On 22 January 2026, the people who build vLLM became a company. Inferact launched with a $150 million seed round — one of the largest AI-infrastructure seeds on record — at an $800 million valuation, co-led by Andreessen Horowitz and Lightspeed, with Sequoia, Altimeter, Redpoint, and Databricks Ventures joining. The founding team is the original vLLM group out of UC Berkeley's Sky Computing Lab: Simon Mo as CEO, Woosuk Kwon as CTO, Kaichao You, Roger Wang, and the professors who seeded the lab, Joseph Gonzalez and Ion Stoica.
The money is the headline everywhere else. It's the least interesting part. The question that actually matters if you serve models in production is quieter: who now sets the direction of an inference engine that a large share of the industry runs on — and what happens to the free version when the same people have $800 million riding on a paid one?
The fact the coverage skips#
Start with a detail almost every launch story omitted, because it complicates the "open source goes commercial" arc: vLLM is not Inferact's property. UC Berkeley contributed the project to the Linux Foundation in 2024, and on 7 May 2025 it was accepted as a PyTorch Foundation hosted project, under that foundation's explicitly neutral, vendor-neutral governance. The trademark, the governance, the right to say what "vLLM" officially is — those sit with a foundation, not with a company the maintainers happen to also run.

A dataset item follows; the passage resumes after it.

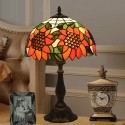 12 Inch European Stained Glass Sunflower Style Table Lamp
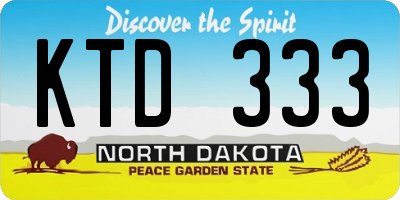 ND license plate KTD333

That single structural fact is why vLLM's situation is not the story you've been trained to fear. The open-source cautionary tales of the last few years — Redis relicensing away from BSD, HashiCorp moving Terraform to the BSL (and getting the OpenTofu fork for it), Elastic switching Elasticsearch to SSPL — all share one precondition: the company owned the copyright. Owning the copyright is what let them relicense unilaterally, overnight, and dare the community to fork. Inferact does not have that lever. It cannot wake up one morning and put vLLM under a business-source license, because it does not hold the rights to do so. Foundation hosting is a real check, and it's the check that was missing in every relicensing scandal people are pattern-matching this to.
The Redis question — "will they take it away?" — is mostly off the table here. Foundation governance already answered it.

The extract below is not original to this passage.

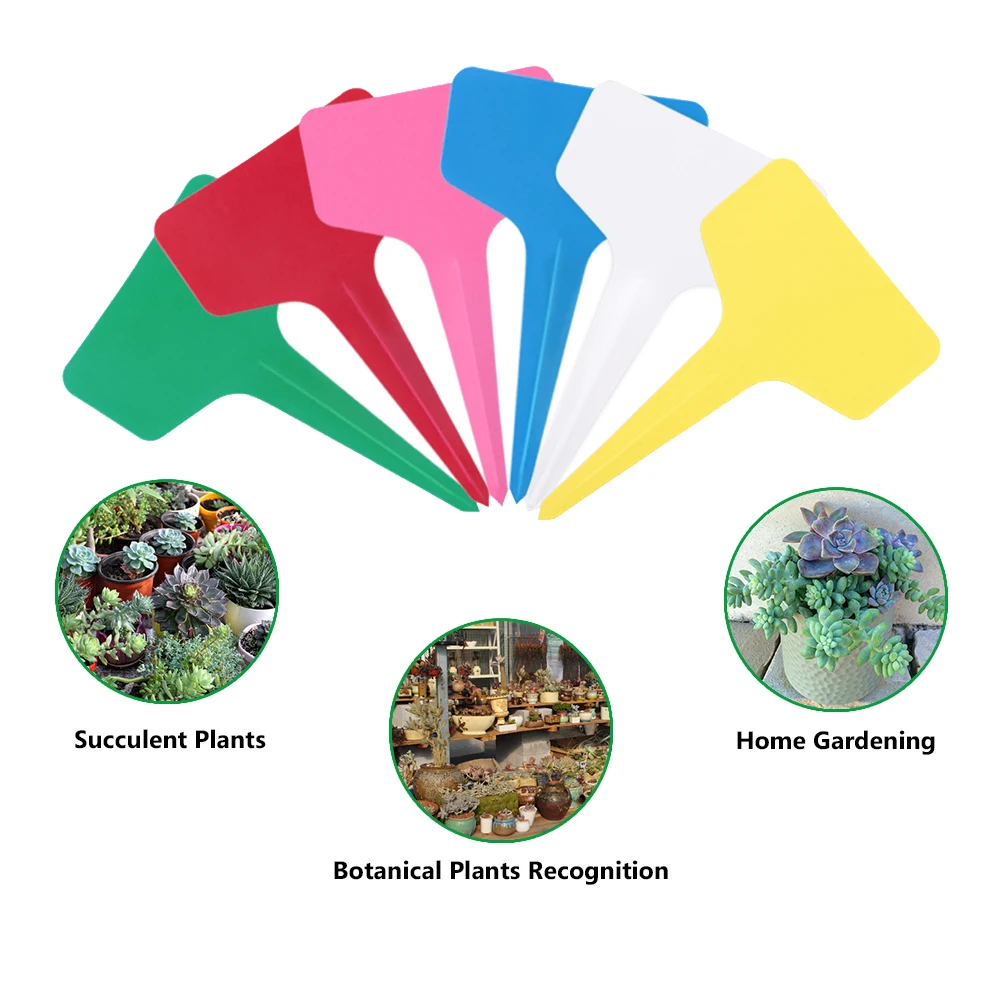 

100pcs Plastic Waterproof One Stick/T-type With Pen Thick Garden tool Nursery Flower Pots Labels Plant Tag Tray Mark Decoration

So where did the risk go?#
It didn't vanish. It moved — from the license to the roadmap. And that's the shift worth understanding, because it's subtler and harder to police.
Foundation hosting constrains what can happen to vLLM's license. It does far less about who holds day-to-day commit authority and, more importantly, whose problems the roadmap prioritizes. The people who decide what vLLM optimizes next are now, in large part, employees of a company whose product is a hosted place to run vLLM. Every hour of maintainer attention is now implicitly a capital-allocation decision between "make the open engine better for everyone" and "make the commercial serverless product the best way to consume it." Nobody has to act in bad faith for the second to quietly win; incentives do that on their own.
There is a precedent here so exact it's almost uncomfortable, and it belongs to one of Inferact's own founders. Ion Stoica has run this play twice from the same Berkeley lab: Spark became Databricks, and Ray became Anyscale. Ray/Anyscale is the live case study for what this looks like in practice — a genuinely open project with a VC-backed company built around it by its creators, and a years-long, ongoing negotiation over where the line falls between what's in the free project and what's in the paid platform. That negotiation is not a scandal; it's just the permanent condition of open-core-adjacent infrastructure. It's also happening in stereo: vLLM's sibling engine from the same lab, SGLang, is being commercialized in parallel. The Berkeley inference commons is professionalizing all at once.
To their credit, Inferact's founders said the right thing. Simon Mo's public framing is that Inferact exists to "support, maintain, steward and push forward the open source ecosystem," with the commercial engine as a second goal. That is exactly the correct commitment. The open question — the one no press release can settle — is whether foundation governance has teeth when the paychecks come from the commercial side, or whether "steward" slowly comes to mean "steward toward the thing we sell." This is the same tension that runs under who actually controls a protocol once a foundation is involved, and under where the real leverage sits in open-versus-closed infrastructure.
What a builder should actually do#
Nothing, today. vLLM is still free, still open, still the same import; there's no migration and no fire. If you're weighing self-hosting vLLM against a managed inference API, the cost math hasn't changed this quarter — and it's worth remembering that not every LLMops project even survives the squeeze, as TensorZero's shutdown showed. A well-funded steward is, on balance, better news for vLLM's longevity than the alternative.
But treat the dependency differently going forward. Your inference engine's roadmap is now set by a company selling a hosted alternative to running it yourself, which is a specific and knowable conflict of interest — not a disqualifying one, a watchable one. Three signals tell you which way it's breaking: does new performance work land in the open repo or only in the serverless product; does the PyTorch Foundation retain genuinely independent maintainers with commit rights; and do vLLM's plugin and extension points start bending toward the commercial layer's needs. None of those will make headlines. All three are the actual story. The relicensing era taught everyone to watch the license. The foundation-plus-startup era asks you to watch the commits instead.